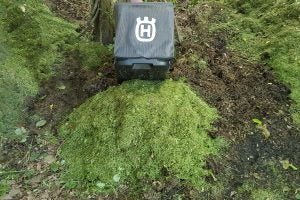 Husqvarna LC 347VLi lawnmower on freshly cut grass.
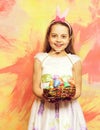 Small happy baby girl holding pottle with easter eggs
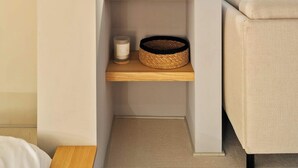 Een hoek van een kamer met een vastgezet houten wandrek, een kleine lamp en een uitzicht op de stad door een raam.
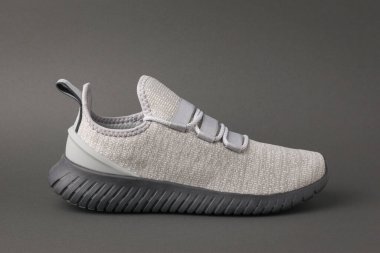 Koyu gri arka planda gri renkli koşu ayakkabısı. Spor yaşam tarzı..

§ Exercise aim
Print the lines from the line containing "Een hoek van" through the last line of the listing, exactly as they stand, and leave any pictures out.

§ Response
 Een hoek van een kamer met een vastgezet houten wandrek, een kleine lamp en een uitzicht op de stad door een raam.
 Koyu gri arka planda gri renkli koşu ayakkabısı. Spor yaşam tarzı..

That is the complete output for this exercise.